■ Task prompt
No line before the one holding "Cylindrical umbrella stand" is to be copied; that line and all after it, through the end of the listing, are returned exactly, minus pictures.

■ Input data
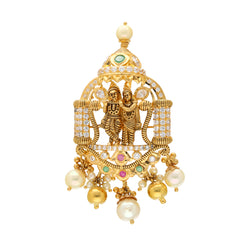 22K Yellow Gold Krishna Pendant w/ Emeralds, Rubies, CZ & Pearls (18.2gm)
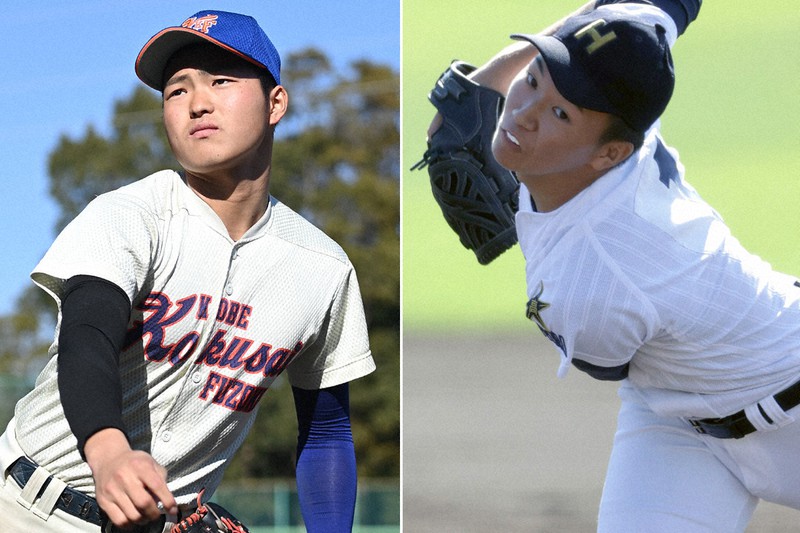 神戸国際大付の阪上翔也(左)と北海の木村大成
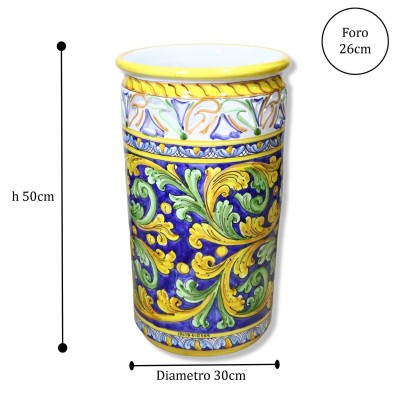 Cylindrical umbrella stand in perforated Caltagirone ceramic, Baroque decoration on a blue background, height approx. 50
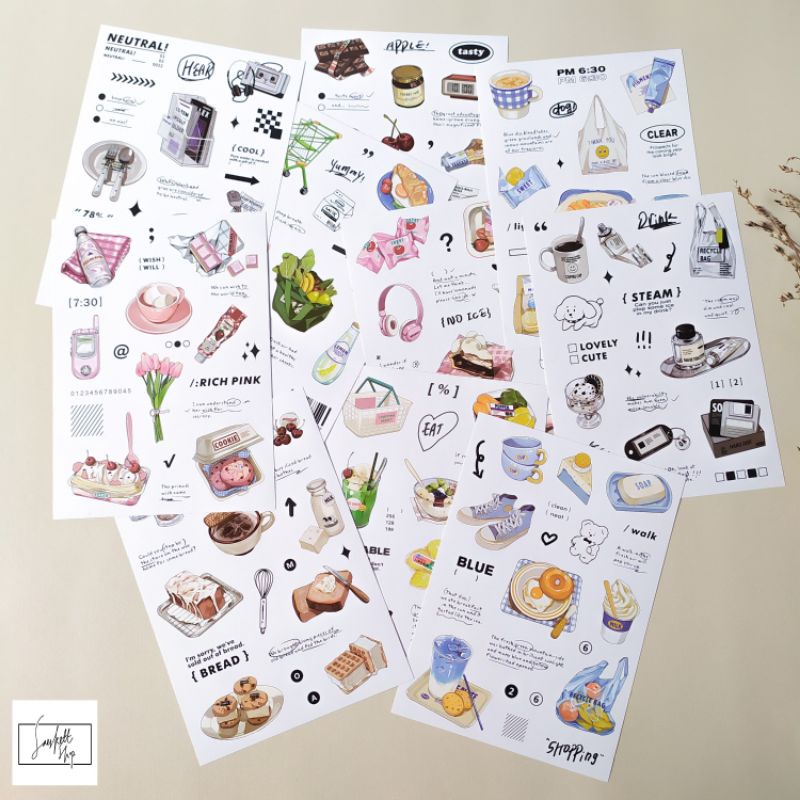 

Stiker Desain Makanan Soft Drink Simpel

■ Output
 Cylindrical umbrella stand in perforated Caltagirone ceramic, Baroque decoration on a blue background, height approx. 50

Stiker Desain Makanan Soft Drink Simpel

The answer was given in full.